Play smart, play together, compete.

Refine technique under pressure and layer in the 'why' of the game — positioning, decisions, roles, and physical development — while keeping their love of the game intact through adolescence.

New · Full season plan

A whole year, planned for you

52 weeks · 104 ready-to-run sessions (2 per week), each with exact run sheets and outcomes.

Open the season plan →

Our philosophy for this age

Now we connect technique to tactics. Players learn a team game model: how we want to attack, defend, and transition, and what each position is responsible for. We develop game intelligence — reading situations and choosing the right action under pressure. Physically we begin structured conditioning, speed, and (with proper coaching and age-appropriate loading) strength.
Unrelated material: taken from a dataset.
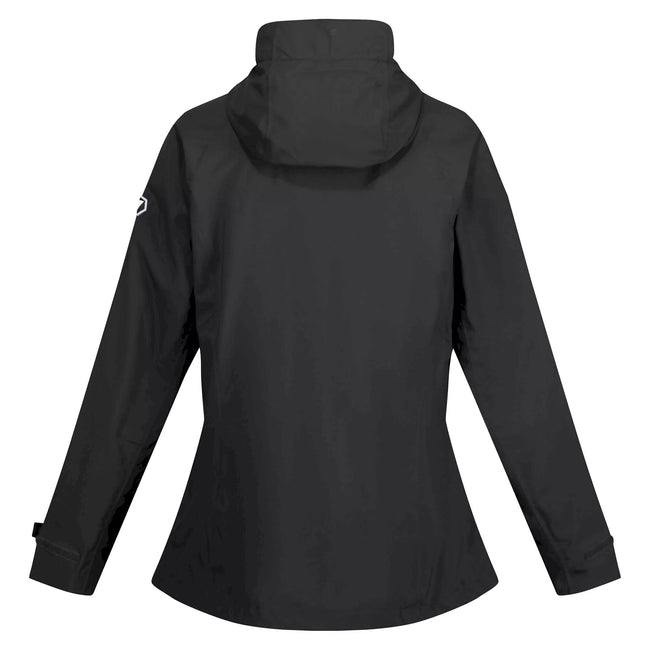 Black - Back - Regatta Womens-Ladies Britedale Waterproof Jacket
Just as important: adolescence is when most kids quit sport, so culture, autonomy, and enjoyment are deliberate priorities.

Coaching tips that work

  • Teach a clear, simple game model and reinforce it consistently — principles over rigid scripts.
  • Coach decisions, not just outcomes — a good choice that didn't come off is still a good choice.
  • Give players ownership: let them lead warm-ups, solve problems, and have input on tactics.
  • Use video or freeze-frames to show patterns — at this age they can genuinely learn from it.
  • Manage load: monitor growth spurts (injury risk), training volume, and signs of burnout.
  • Protect the culture — psychological safety is what keeps teenagers in the game.

Avoid these

  • Treating every player as a finished athlete — late developers need patience, not the bench.
  • Over-coaching from the sideline on match day — it stops them thinking for themselves.
  • Adult-style heavy lifting or max-out conditioning before bodies are ready.
  • Win-at-all-costs culture that drives the joy (and the players) away.
  • Ignoring the quiet kids — adolescence is when belonging keeps them playing.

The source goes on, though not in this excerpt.